_Aim of the task_.
Copy exactly, beginning with the line holding "Table basse 130cm chêne naturel SIROCCO" and ending with the final line of the data beneath this task; copy nothing else, and leave out every picture.

====

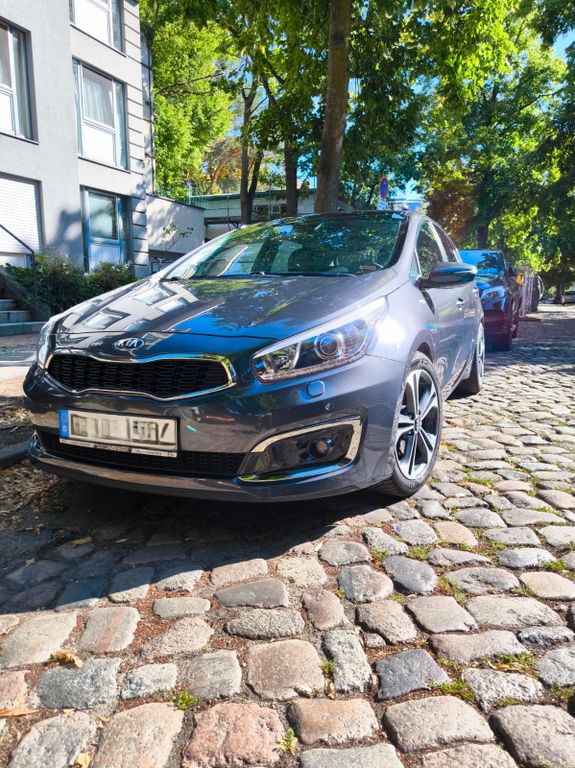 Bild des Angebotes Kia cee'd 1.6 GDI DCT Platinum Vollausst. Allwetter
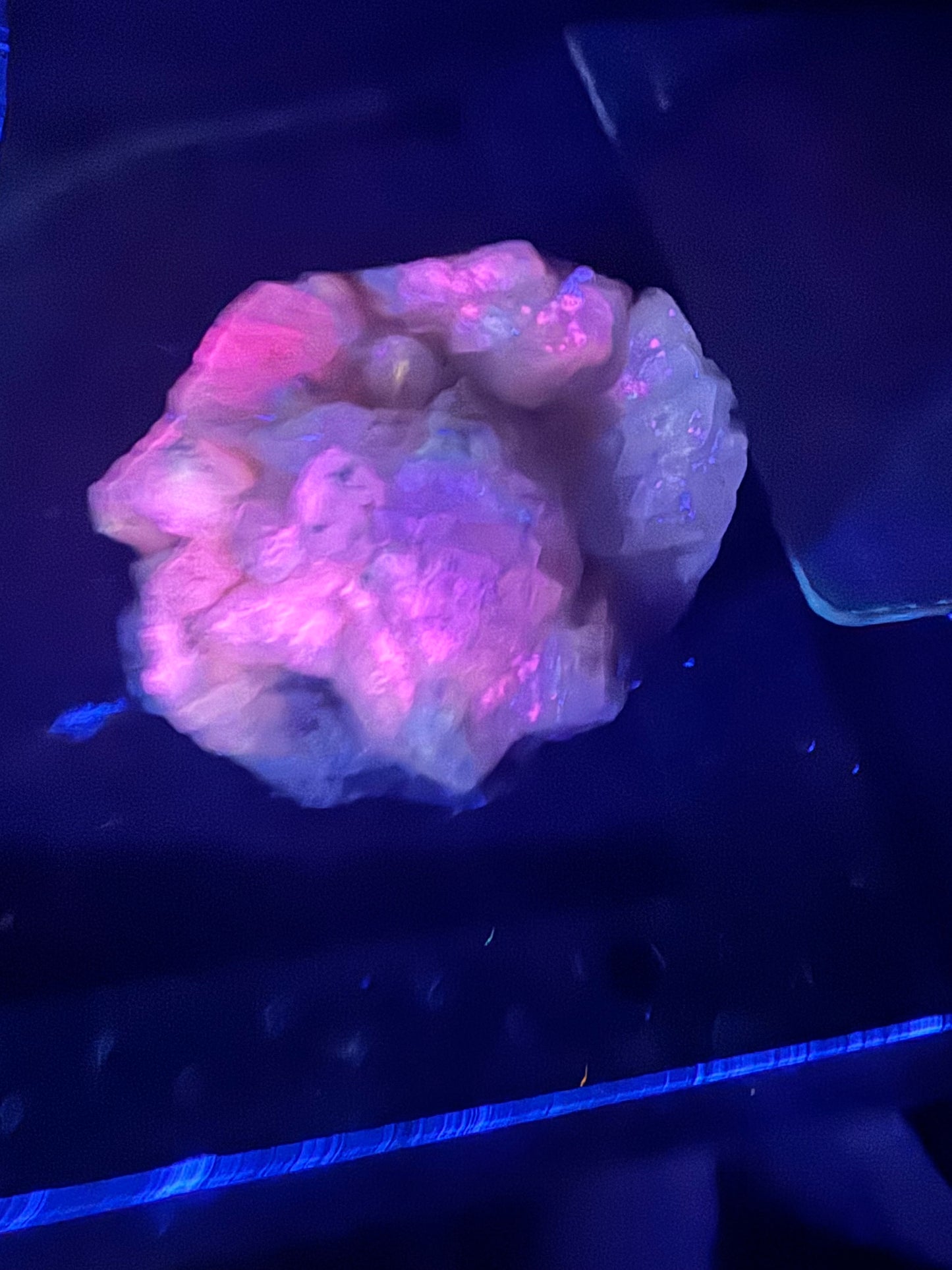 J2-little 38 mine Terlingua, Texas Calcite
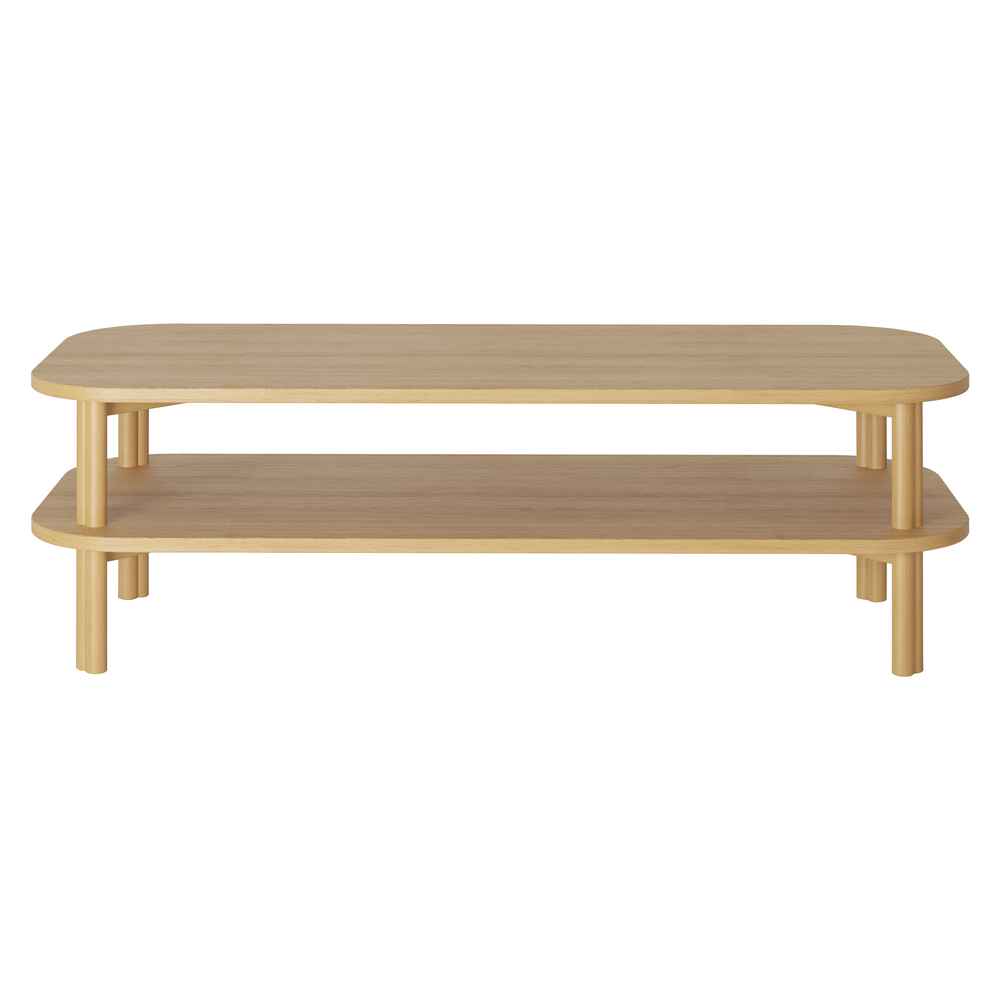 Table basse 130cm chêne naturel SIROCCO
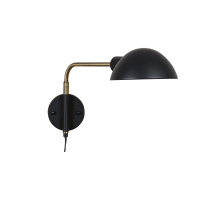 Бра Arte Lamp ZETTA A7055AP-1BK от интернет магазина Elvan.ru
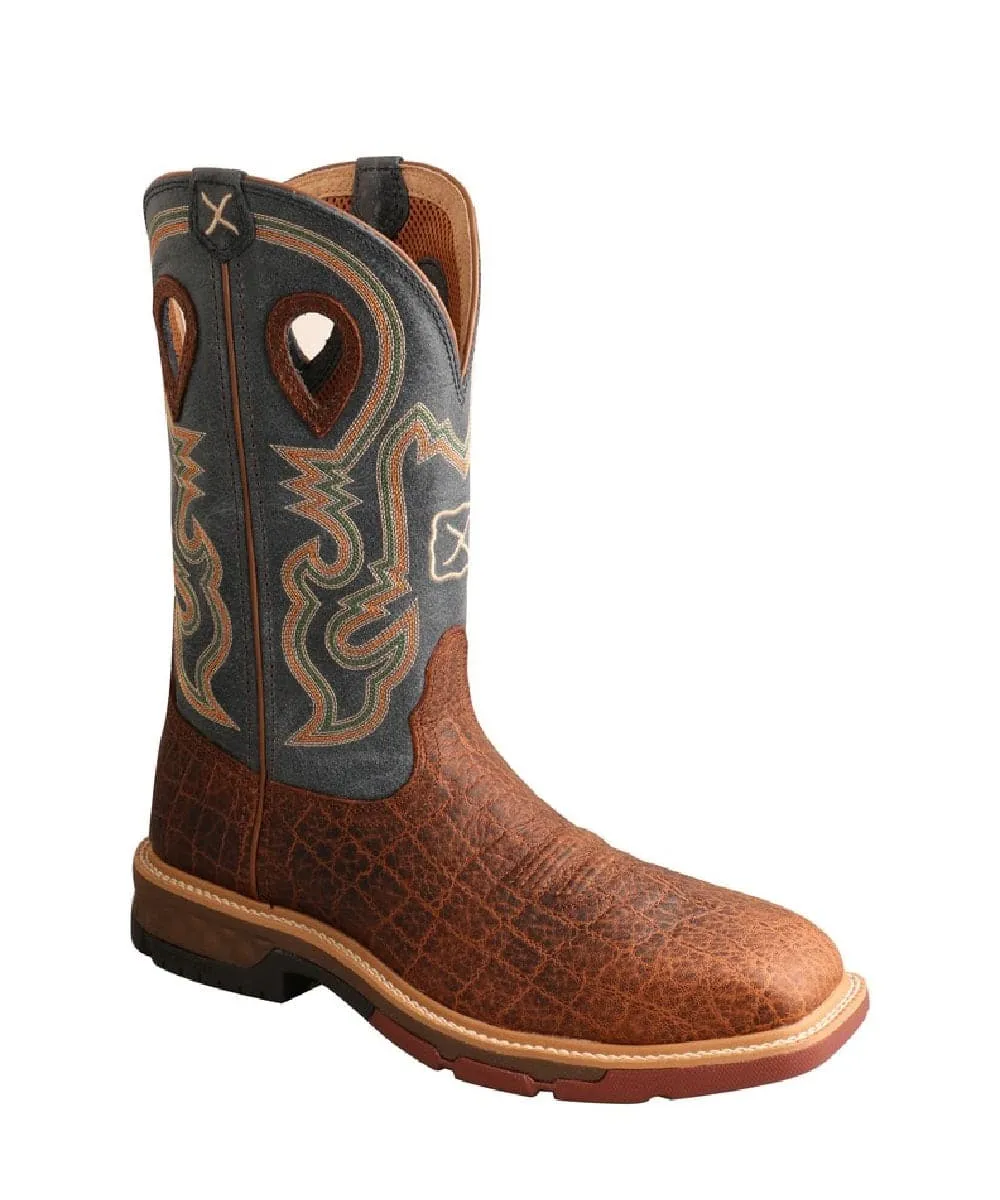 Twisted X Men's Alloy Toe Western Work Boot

====

_Exercise solution_.
 Table basse 130cm chêne naturel SIROCCO
 Бра Arte Lamp ZETTA A7055AP-1BK от интернет магазина Elvan.ru
 Twisted X Men's Alloy Toe Western Work Boot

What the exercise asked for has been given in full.